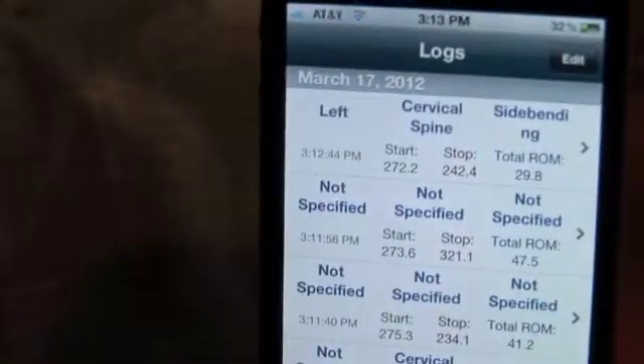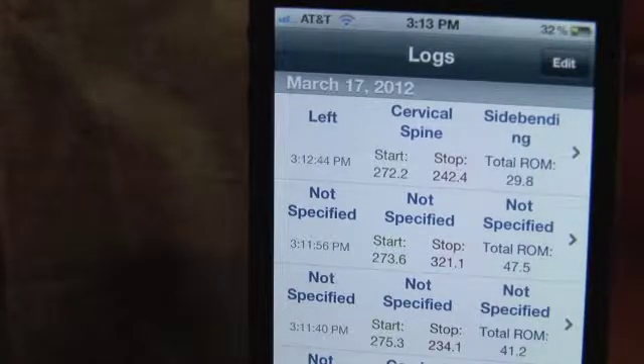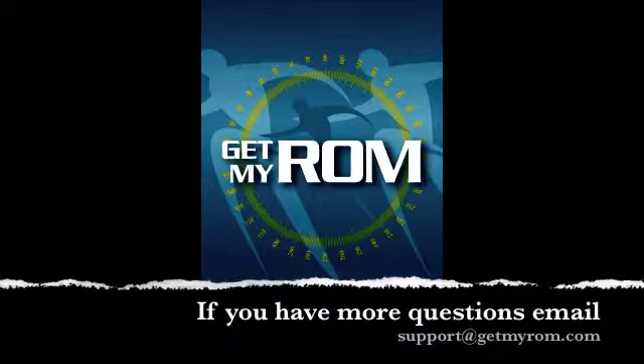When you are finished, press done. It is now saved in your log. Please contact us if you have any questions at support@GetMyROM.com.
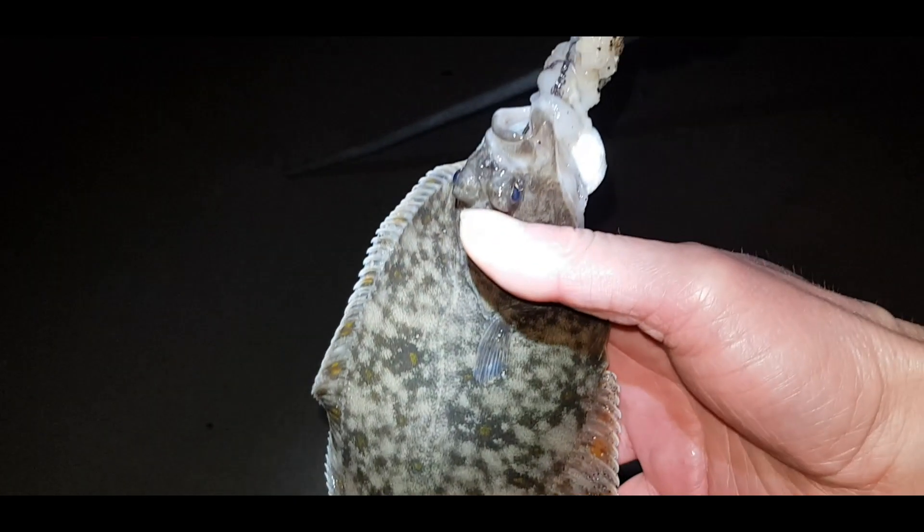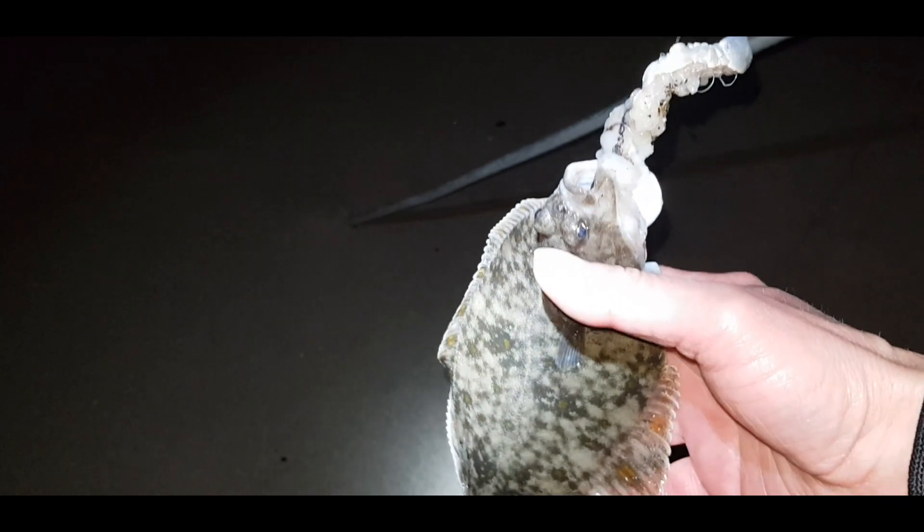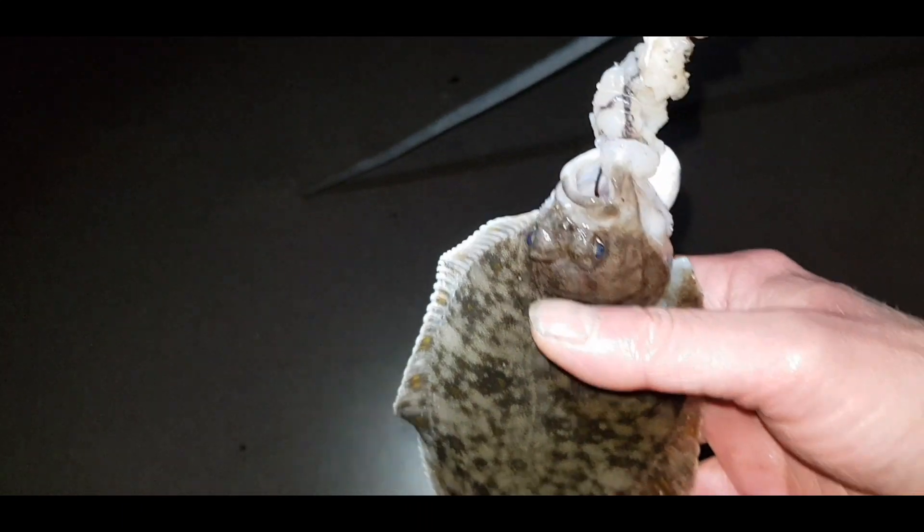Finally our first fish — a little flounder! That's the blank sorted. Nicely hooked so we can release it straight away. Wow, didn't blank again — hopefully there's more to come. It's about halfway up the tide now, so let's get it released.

---

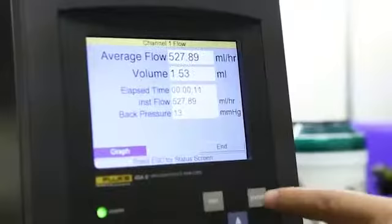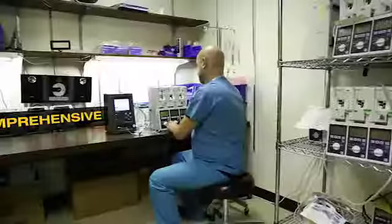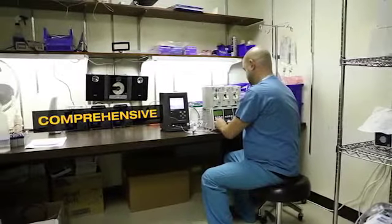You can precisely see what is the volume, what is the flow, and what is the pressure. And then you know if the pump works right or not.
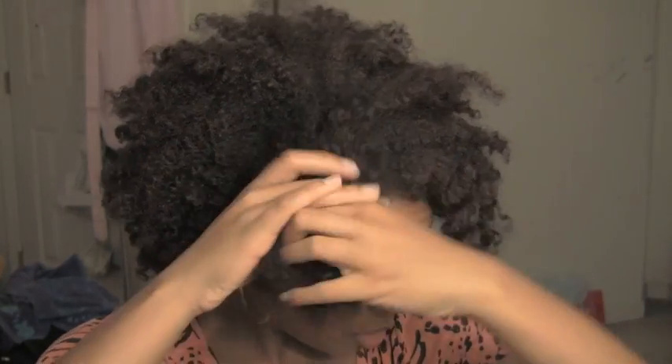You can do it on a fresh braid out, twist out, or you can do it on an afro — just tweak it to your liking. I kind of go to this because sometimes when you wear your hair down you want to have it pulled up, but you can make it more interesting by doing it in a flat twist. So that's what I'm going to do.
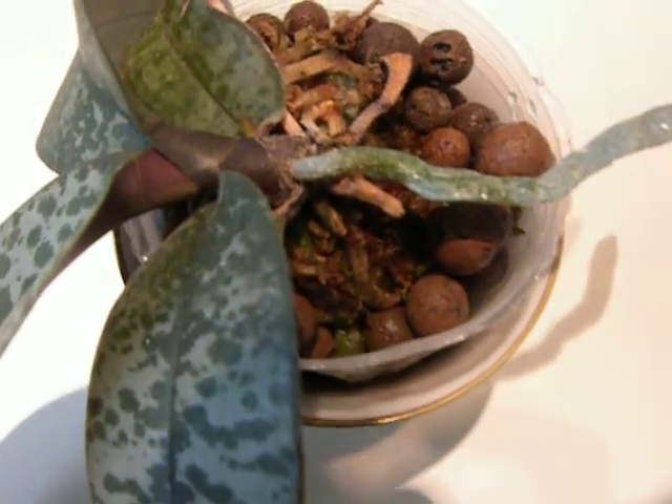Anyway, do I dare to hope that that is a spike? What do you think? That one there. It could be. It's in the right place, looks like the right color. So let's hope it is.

...

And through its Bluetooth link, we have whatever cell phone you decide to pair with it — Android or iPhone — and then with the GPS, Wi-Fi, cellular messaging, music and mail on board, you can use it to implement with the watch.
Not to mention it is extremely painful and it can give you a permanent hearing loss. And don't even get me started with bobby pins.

**Your goal:** Transcribe the listing above exactly, but only from the line with "When you are" through the line with "Finally our first". Include both of those lines and omit the pictures.

**Solution to the problem:**
When you are finished, press done. It is now saved in your log. Please contact us if you have any questions at support@GetMyROM.com.
Finally our first fish — a little flounder! That's the blank sorted. Nicely hooked so we can release it straight away. Wow, didn't blank again — hopefully there's more to come. It's about halfway up the tide now, so let's get it released.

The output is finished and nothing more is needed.